RECORDS FOR THIS TASK:
+--

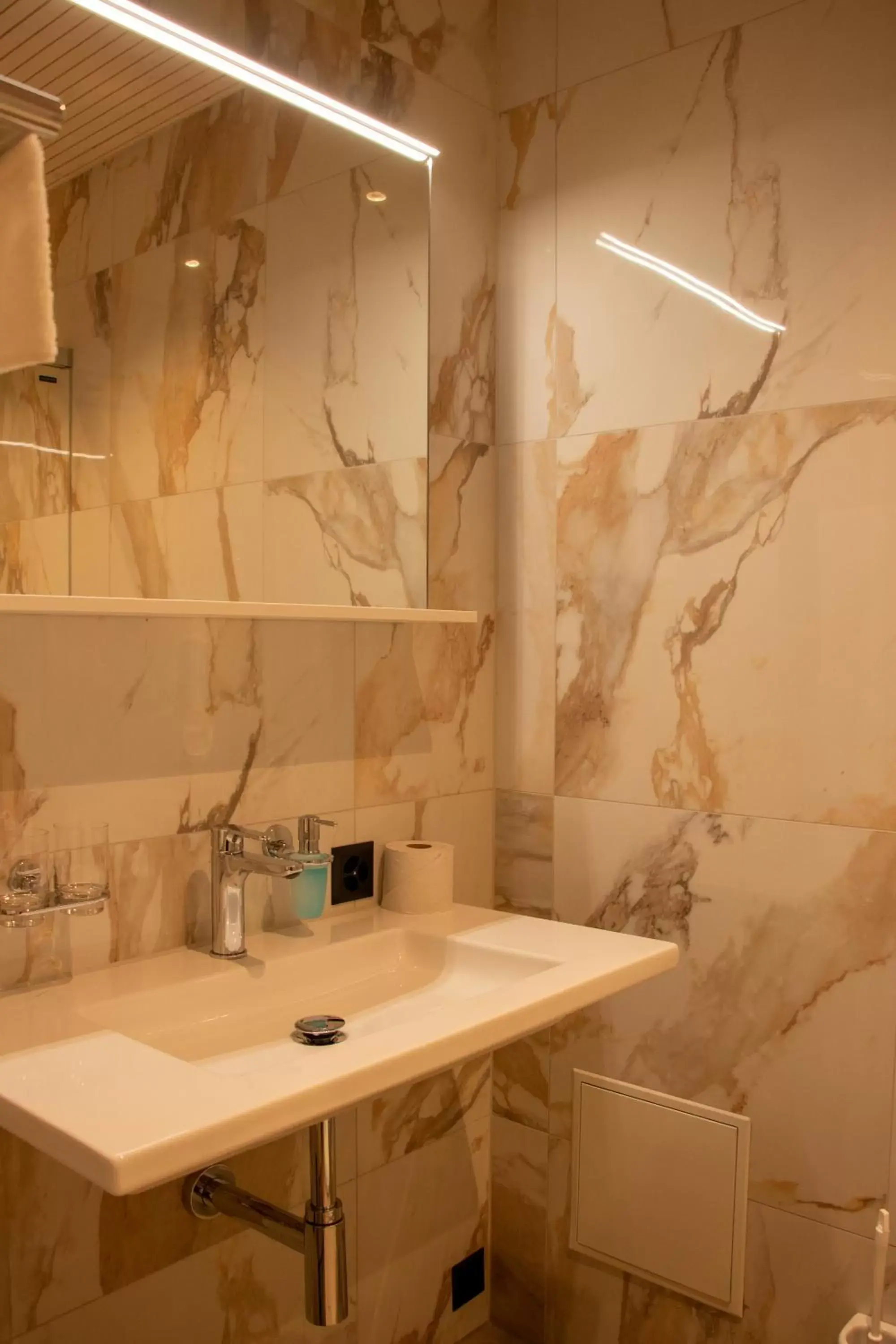 Studio with Balcony in AMANTE Hotel Studio with Balcony in AMANTE Hotel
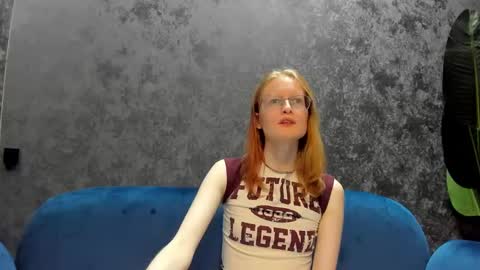 Snapshot of elizabeth_harpper chatting on 02-07-25, 11:12 Elizabeth online show from 02-07-25, 11:12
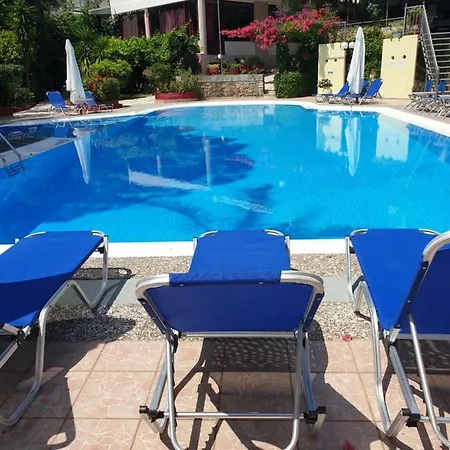 Alexandros Hotel 2*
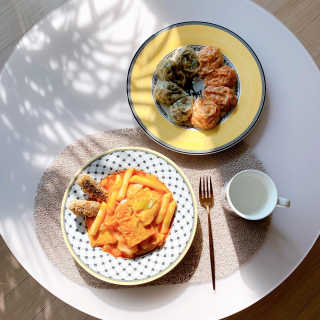 [홍코너떡볶이]옛날떡볶이 인기맛 4팩세트 — 4.5점을 준 리뷰어가 2019년 11월 올린 사용 사진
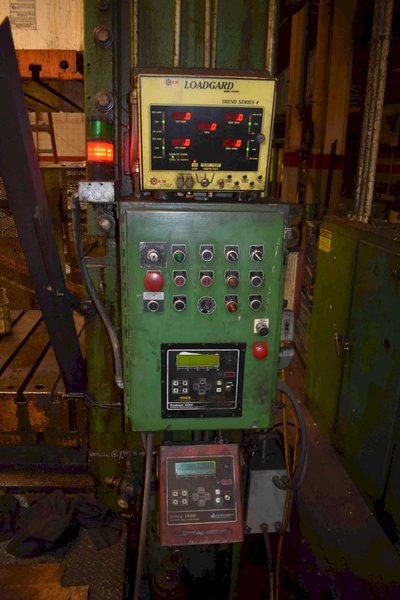 300 TON BLISS SE2-300-84-48 STRAIGHT SIDE PRESS. STOCK # 0638723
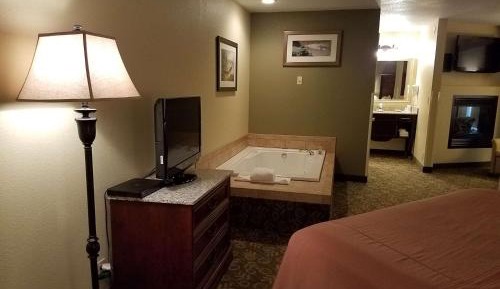 King Suite with Sofa Bed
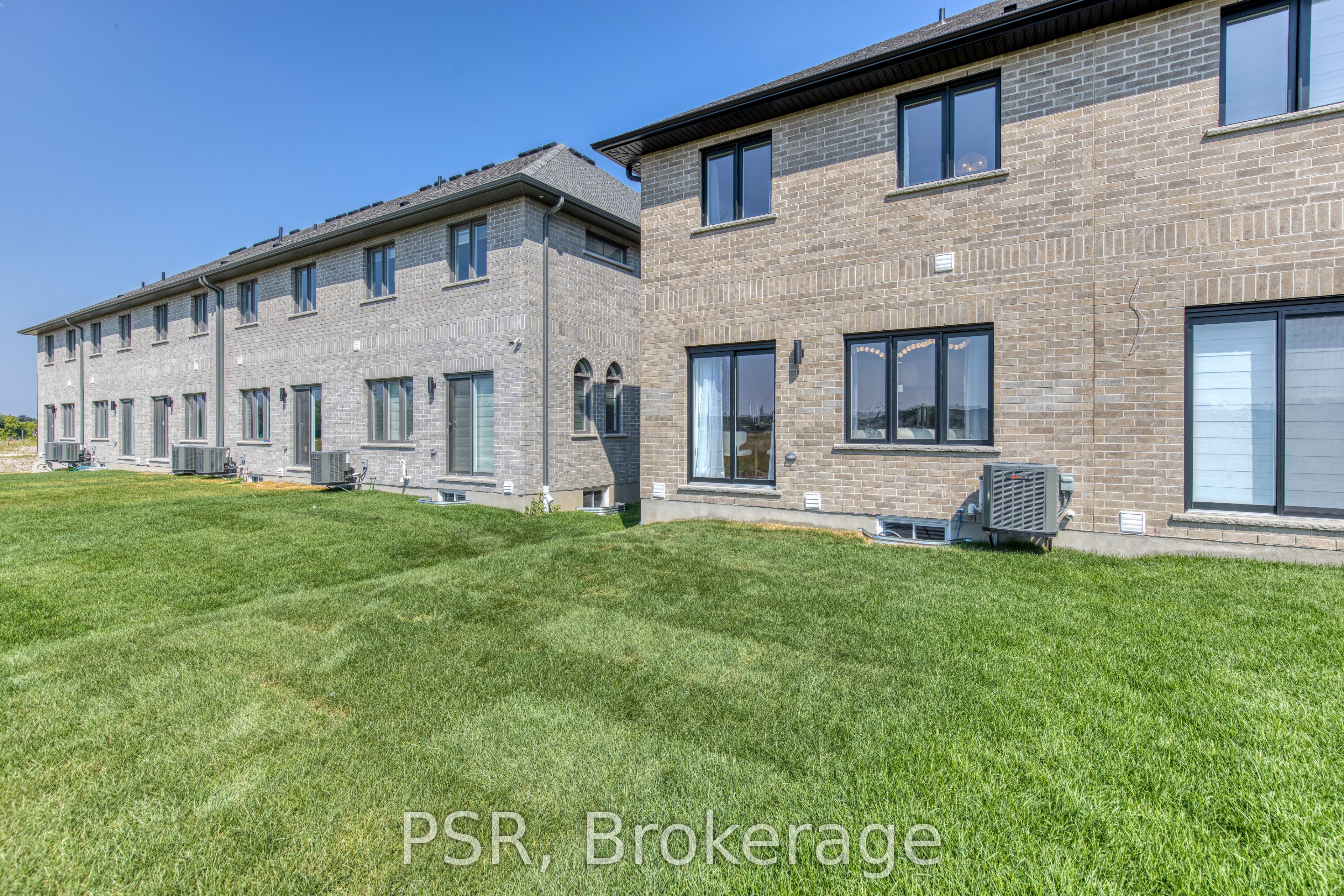93 Rivergreen Crescent Property Photo 32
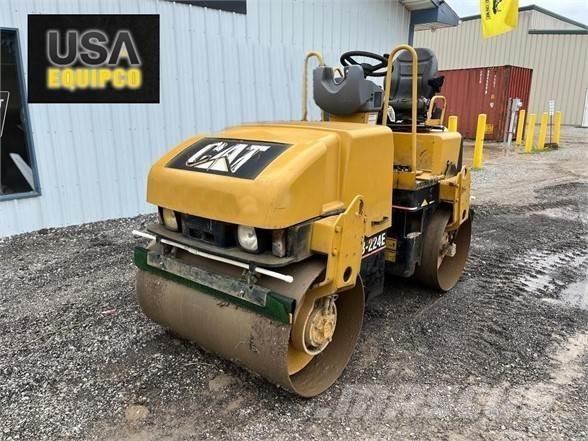 CAT CB-224E Rodillos de un solo tambor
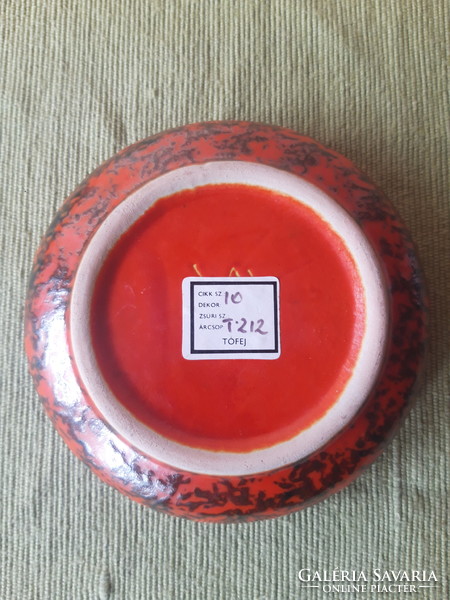 Red pond head ceramic ashtray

+--

ASSIGNMENT:
Beginning with the first line of the records, write out every line up to and including the one with "King Suite with Sofa Bed", exactly, and omit all pictures.

OUTPUT:
 Studio with Balcony in AMANTE Hotel Studio with Balcony in AMANTE Hotel
 Snapshot of elizabeth_harpper chatting on 02-07-25, 11:12 Elizabeth online show from 02-07-25, 11:12
 Alexandros Hotel 2*
 [홍코너떡볶이]옛날떡볶이 인기맛 4팩세트 — 4.5점을 준 리뷰어가 2019년 11월 올린 사용 사진
 300 TON BLISS SE2-300-84-48 STRAIGHT SIDE PRESS. STOCK # 0638723
 King Suite with Sofa Bed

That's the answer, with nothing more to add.